Abstract Video copy-move forgery detection (VCMFD) is a significant and greatly challenging task due to a variety of difficulties, including a huge amount of video information, diverse forgery types, rich forgery objects, and homogenous forgery sources. These difficulties raise four unresolved key challenges in VCMFD: i) ineffective detection in some popular forgery cases; ii) inefficient matching in processing numerous video pixels with hundred-dimensional features under dozens of matching iterations; iii) high false positive (FP) in detecting forgery videos; iv) low trade-off of efficiency and effectiveness in filling forgery region, and even failing in indicating forgeries at the pixel level. In this paper, a novel VCMFD method is proposed to address these issues: i) an innovatively improved SIFT structure that can address the thorough feature extraction in all video copy-move forgery cases; ii) a novel fast keypoint-label matching (FKLM) algorithm is proposed that creates some keypoint-label groups so that every high-dimensional feature is assigned into one of these groups.
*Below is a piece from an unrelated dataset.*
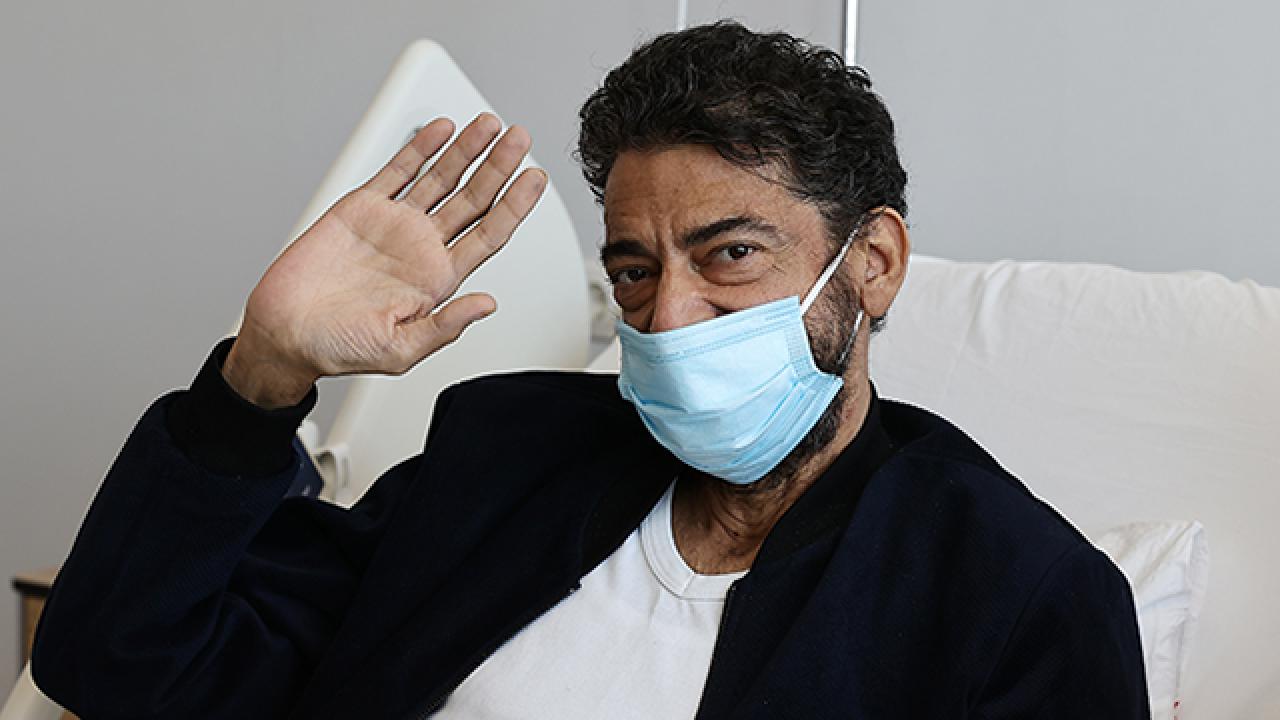 Hakan Tasiyan Aa 1584795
As a result, matching of video pixels can be directly done on a small number of keypoint-label groups only, leading to a nearly 500% raise in matching efficiency; iii) a new coarse-to-fine filtering relying on intrinsic attributes of exact keypoint-matches is designed to more effectively reduce the false keypoint-matches; iv) the adaptive block filling relying on true keypoint-matches contributes to the accurate and efficient suspicious region filling, even at the pixel level. Finally, the suspicious region locations with the forgery vision persistence concept indicate forgery videos. Compared to the state-of-art methods, the experiments show that our proposed method achieves the best detection accuracy, lowest FP, and improved at least 16% and 8% of F1 scores on the GRIP 2.0 dataset and a combination of SULFA 2.0 & REWIND datasets. Furthermore, the proposed method is with low computational time (4.45 s/Mpixels), which is about 1/2-1/3 times of the latest DFMI-BM (8.02 s/Mpixels) and PM-2D (13.1 s/Mpixels) methods.